Understanding these types helps in diagnosing and managing conditions related to elevated bilirubin levels.

Understanding High Bilirubin Levels

Normal total bilirubin levels in adults typically range between 0.2 and 1.3 mg per deciliter (mg/dL). Levels above this range are considered high. In infants, especially newborns, slightly higher levels may be normal, ranging between 1.0 and 12.0 mg/dL, but persistently high levels need evaluation.

Symptoms of High Bilirubin

Elevated bilirubin can result in a variety of symptoms: 

In Adults:

  • Jaundice (yellowing of the skin and eyes)
  • Dark-colored urine
  • Pale or clay-colored stools
  • Itching or pruritus
  • Fatigue or weakness
  • Abdominal pain or discomfort

In Infants:

  • Jaundice (yellowing of the skin and eyes)
  • Poor feeding or lethargy
  • Dark urine
  • Pale stools

Causes of High Bilirubin

High bilirubin levels can be caused by liver diseases such as hepatitis or cirrhosis, increased breakdown of red blood cells (hemolysis), and genetic conditions like Gilbert's syndrome. Each cause requires different diagnostic and treatment approaches.

Here are some common causes:

In Adults:

  • Liver Diseases: Conditions such as hepatitis, cirrhosis, or liver cancer impair bilirubin processing and excretion.
  • Hemolysis: Increased breakdown of red blood cells, often due to autoimmune disorders or certain medications, raises bilirubin levels.
  • Gallstones: Blockage in the bile ducts from gallstones can prevent bilirubin from being properly excreted.
  • Genetic Conditions: Disorders like Gilbert's syndrome affect bilirubin metabolism but are usually benign.

In Infants:

  • Neonatal Jaundice: Common in newborns due to immature liver function; usually resolves with time or light therapy.
  • Breastfeeding Jaundice: Caused by inadequate feeding leading to dehydration and increased bilirubin levels.
  • Hemolytic Disease: Conditions such as Rh or ABO incompatibility can cause excessive breakdown of red blood cells.
  • Infections: Certain infections or liver diseases, such as sepsis, urinary tract infections, viral infections, or congenital hepatitis, in newborns can elevate bilirubin levels.some text
    • Sepsis: A serious bloodstream infection that can cause widespread inflammation and damage to various organs, including the liver, leading to jaundice.
    • Urinary Tract Infections (UTIs): Bacterial infections in the urinary system can sometimes lead to jaundice in newborns.
    • Congenital Infections: Infections present at birth, such as cytomegalovirus (CMV), rubella, or toxoplasmosis, can affect liver function and cause jaundice.
    • Congenital Hepatitis: Viral hepatitis acquired from the mother during pregnancy or delivery, such as hepatitis B or C, can cause liver inflammation and jaundice.

Lab Tests for High Bilirubin

Lab tests are essential for diagnosing and understanding high bilirubin levels.

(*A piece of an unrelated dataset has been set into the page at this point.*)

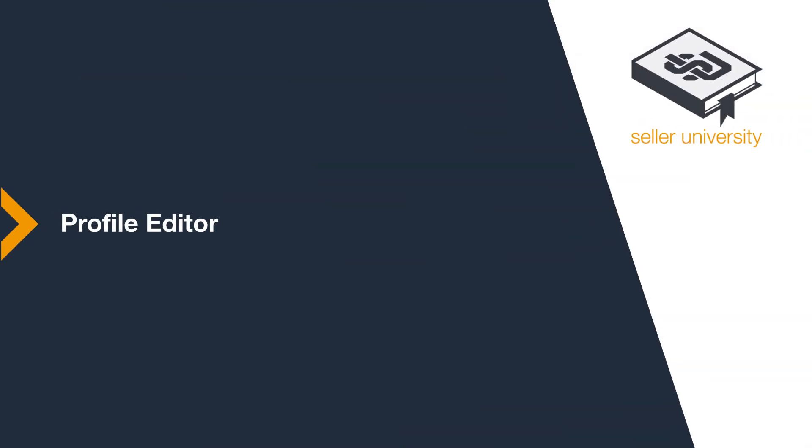This concludes the Profile Editor module of the Amazon Business Seller series. Thank you for tuning in.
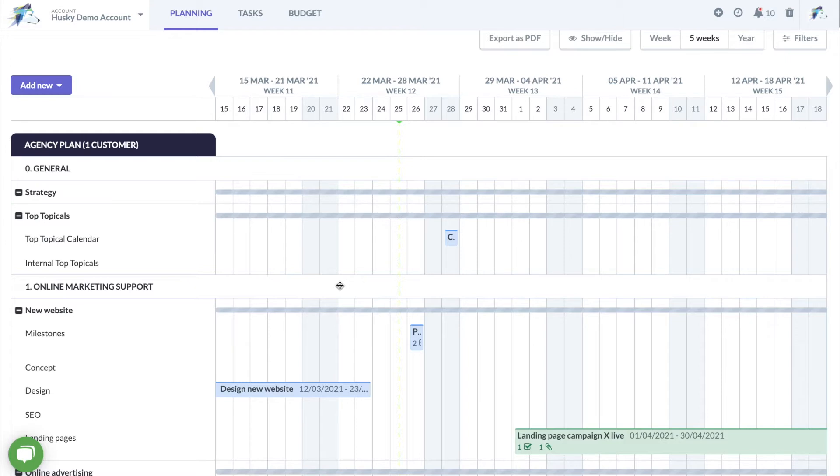To cope with this difficulty, Husky has an integrated proofing module to easily check and approve files online in your Marketing Planner.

They help identify the underlying cause and guide appropriate treatment.

  • Total Bilirubin Test: This test measures the overall amount of bilirubin in the blood, including both direct and indirect types. It is significant for assessing overall bilirubin levels and determining if they are elevated.
  • Direct and Indirect Bilirubin Tests: These tests specifically measure the amounts of direct (conjugated) and indirect (unconjugated) bilirubin. Direct bilirubin is processed by the liver, while indirect bilirubin has not yet been processed. Abnormal levels can indicate issues with liver function or red blood cell breakdown.
  • AST and ALT Levels: These are liver enzymes that can be measured alongside bilirubin levels. Elevated AST (aspartate aminotransferase) and ALT (alanine aminotransferase) levels often indicate liver inflammation or damage, contributing to high bilirubin levels.

Additional Testing and Related Biomarkers

Various diagnostic tests are crucial for pinpointing the causes of high bilirubin levels and guiding effective treatment.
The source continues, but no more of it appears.